13. The present case is clearly distinguishable on facts. The allegations in the case of Medchi Chemicals were that the accused had committed willful default and failed to maintain supply of raw materials for manufacturing a certain drug, (Ethambutol Hydrochloride) after making a false representation to the complainant manufacturer that he would commit no breach in supplying the said raw materials resulting in a loss of over rupees one crore. It was alleged in that case that the accused had no intention to honour his commitment as the accused himself was planning to manufacture the drug and wanted to put the complainant out of competition.
14. In the present case, however, in a bona fide manner the applicants were seeking destruction of stale milk products in the interest of consumers and were even prepared to compensate the wholesalers for any loss incurred by them and it appeared that there was some controversy on the amount of expired milk and the amount that was payable thereon to the complainant, which was thus essentially a claim to be determined in appropriate proceedings by a civil court and recourse to criminal prosecution under Section 406/420 IPC was improper under the circumstances.
15. I also find that the milk in question had been destroyed in 1995 and filing of complaint in 2000, i.e. after five years, simply because the complainant was not receiving the reimbursement amount which he was demanding, does indicate that recourse to the criminal court has been taken for exercising undue pressure on the applicants for settling a civil claim against them and this appears to be a mala fide use of the criminal process for extraneous ends.

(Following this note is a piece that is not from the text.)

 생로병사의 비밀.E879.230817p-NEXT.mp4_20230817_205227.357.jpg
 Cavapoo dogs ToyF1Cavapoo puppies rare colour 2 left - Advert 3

Also the explanation, that the complainant wrote a letter raising his claim on 9.12.1995, 7.12.1999 and again on 9.5.2000 and 26.6.2000, but when the applicants refused to pay the entire amount demanded by him by his letter dated 27.1.2000, then he filed the complaint dated 14.12.2000, is not a reasonable explanation for the delay and is suggestive of a mala fide recourse to criminal proceedings.
16. On the allegations, 1 also find that this is not a case of entrustment of any property by the complainant to the applicants and the learned Chief Judicial Magistrate appears to have misread the allegations in the complaint in his summoning order dated 11.7.2001, but it is only a case of dispute over reimbursement of the proper amount for which the complainant would be entitled and, therefore, no offence under Section 406 IPC is at all disclosed on the facts of this case.
17. So far as the allegations of cheating are concerned, it is significant that the learned Magistrate has not even chosen to summon the applicants under Section 420 IPC. There was no question of any dishonest or fraudulent representation by the applicants, which has resulted in the complaint, delivering any property or doing something which he would not have done had he not been so deceived. The applicants had initiated action with the laudable object of getting the expired milk products destroyed and they were not taking any action to deceive the complainant to ask him to alter his position to his disadvantage for making any wrongful gain and it is for this reason that the learned Magistrate did not even summon the applicants under Section 420 IPC.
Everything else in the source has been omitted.